# One of the babies didn't make it



## rascal66 (May 13, 2011)

So this is day 3 since both eggs have hatched and I came to find one of the babies dead and stiff in the nest when the parents were not on it. It sadden me truly but I'm assuming the baby didn't get fed because the crop was completely empty... So My guess is that the poor thing starved or was too weak to feed. The other one is still active though, but I hope this one at least makes it.


----------



## Jay3 (May 4, 2008)

That's really sad. Where do you keep them?


----------



## rascal66 (May 13, 2011)

Jay3 said:


> That's really sad. Where do you keep them?


It is 
My birds are in a regular cage in a warm and dry environment (in my room) and they both sit on the nest a lot together. I use carefresh as the bedding and the birds decided to use it as nesting material


----------



## Msfreebird (Sep 23, 2007)

That's very sad  Is it their first time as parents?


----------



## Jay3 (May 4, 2008)

Well I'm so sorry you lost the little one. Hopefully the other will be fine. Just keep an eye on him.


----------



## Lefty07 (Dec 30, 2009)

*Pigeon Parents*

Doves and pigeons are usually good parents so it could be that the baby who died just wasn't going to make it anyway.

Well, I'm sure there will be more babies soon. *Not* having babies usually isn't the *problem* with doves and pigeons!


----------



## Charis (Feb 11, 2007)

I was reading that carefresh bedding has an odor to it. Some people that bought it were complaining about the odor and had to remove it because they couldn't stand to be around it. I don't know what carefresh is made from but do keep in mind that bird's lungs are very sensitive and if there is an odor it could be dangerous especially to the babies.


----------



## rascal66 (May 13, 2011)

Msfreebird said:


> That's very sad  Is it their first time as parents?

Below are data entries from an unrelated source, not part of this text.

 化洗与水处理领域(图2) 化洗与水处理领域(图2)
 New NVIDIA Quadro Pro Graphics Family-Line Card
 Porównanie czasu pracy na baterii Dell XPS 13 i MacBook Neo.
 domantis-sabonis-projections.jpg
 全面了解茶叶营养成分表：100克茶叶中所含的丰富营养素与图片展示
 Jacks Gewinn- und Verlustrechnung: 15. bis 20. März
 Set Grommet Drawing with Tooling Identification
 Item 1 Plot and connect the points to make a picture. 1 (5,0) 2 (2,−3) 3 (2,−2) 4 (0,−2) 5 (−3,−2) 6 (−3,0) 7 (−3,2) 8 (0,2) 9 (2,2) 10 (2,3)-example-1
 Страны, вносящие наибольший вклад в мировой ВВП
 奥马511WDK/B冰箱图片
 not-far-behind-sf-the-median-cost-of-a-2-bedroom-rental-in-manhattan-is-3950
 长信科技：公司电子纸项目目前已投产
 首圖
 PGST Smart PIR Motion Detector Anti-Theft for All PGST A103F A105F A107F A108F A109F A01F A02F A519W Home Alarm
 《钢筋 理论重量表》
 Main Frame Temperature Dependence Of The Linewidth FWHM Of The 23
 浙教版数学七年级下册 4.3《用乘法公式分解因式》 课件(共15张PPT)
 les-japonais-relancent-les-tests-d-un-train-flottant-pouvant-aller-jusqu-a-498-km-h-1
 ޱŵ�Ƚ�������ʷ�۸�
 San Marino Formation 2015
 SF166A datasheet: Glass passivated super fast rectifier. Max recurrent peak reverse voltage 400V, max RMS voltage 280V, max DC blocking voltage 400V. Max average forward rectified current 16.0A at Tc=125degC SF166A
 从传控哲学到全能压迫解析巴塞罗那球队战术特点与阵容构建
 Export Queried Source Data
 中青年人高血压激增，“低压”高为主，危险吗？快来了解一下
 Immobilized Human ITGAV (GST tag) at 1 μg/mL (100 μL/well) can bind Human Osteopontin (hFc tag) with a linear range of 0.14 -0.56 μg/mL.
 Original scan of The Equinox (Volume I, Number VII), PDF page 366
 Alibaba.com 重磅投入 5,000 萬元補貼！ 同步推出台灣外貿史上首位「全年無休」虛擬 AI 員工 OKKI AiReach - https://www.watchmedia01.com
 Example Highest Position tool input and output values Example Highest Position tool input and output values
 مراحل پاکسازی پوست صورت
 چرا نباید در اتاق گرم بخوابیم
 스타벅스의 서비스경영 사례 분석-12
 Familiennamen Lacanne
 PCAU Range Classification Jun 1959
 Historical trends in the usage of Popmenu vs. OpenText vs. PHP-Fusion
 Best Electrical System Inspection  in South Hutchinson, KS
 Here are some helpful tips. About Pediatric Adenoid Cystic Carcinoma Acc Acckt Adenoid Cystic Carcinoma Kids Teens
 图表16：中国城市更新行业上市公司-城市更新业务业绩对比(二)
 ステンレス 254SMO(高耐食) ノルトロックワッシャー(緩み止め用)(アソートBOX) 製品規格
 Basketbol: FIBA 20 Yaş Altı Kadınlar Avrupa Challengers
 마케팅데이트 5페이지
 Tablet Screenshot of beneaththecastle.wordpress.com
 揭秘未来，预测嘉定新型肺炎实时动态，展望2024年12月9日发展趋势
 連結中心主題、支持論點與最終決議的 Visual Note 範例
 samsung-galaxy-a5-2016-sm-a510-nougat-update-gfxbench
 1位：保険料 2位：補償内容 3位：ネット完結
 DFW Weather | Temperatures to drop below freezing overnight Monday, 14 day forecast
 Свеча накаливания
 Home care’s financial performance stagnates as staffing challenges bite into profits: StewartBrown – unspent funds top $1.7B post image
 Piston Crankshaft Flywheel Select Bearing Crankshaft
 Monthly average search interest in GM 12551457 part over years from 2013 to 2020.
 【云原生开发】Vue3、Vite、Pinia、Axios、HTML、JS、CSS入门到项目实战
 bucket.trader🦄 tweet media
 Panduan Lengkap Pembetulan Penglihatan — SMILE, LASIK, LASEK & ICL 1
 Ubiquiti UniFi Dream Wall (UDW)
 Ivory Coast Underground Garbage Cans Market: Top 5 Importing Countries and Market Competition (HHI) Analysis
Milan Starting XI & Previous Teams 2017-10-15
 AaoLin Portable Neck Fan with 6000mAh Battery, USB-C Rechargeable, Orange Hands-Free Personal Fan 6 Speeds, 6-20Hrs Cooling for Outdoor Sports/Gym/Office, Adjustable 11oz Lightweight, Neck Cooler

Honestly I'm not sure if they have bred before I purchased them but this is the first time I have had them breed here in my home 

The baby that survived is doing well actually, and is being fed right now.


----------



## rascal66 (May 13, 2011)

Jay3 said:


> Well I'm so sorry you lost the little one. Hopefully the other will be fine. Just keep an eye on him.


I was expecting something to go wrong  But it happens and hopefully the parents will raise the 2 successfully next time

I have been and I'm watching the parents feed him  I think He'll be just fine for now.


----------



## rascal66 (May 13, 2011)

Charis said:


> I was reading that carefresh bedding has an odor to it. Some people that bought it were complaining about the odor and had to remove it because they couldn't stand to be around it. I don't know what carefresh is made from but do keep in mind that bird's lungs are very sensitive and if there is an odor it could be dangerous especially to the babies.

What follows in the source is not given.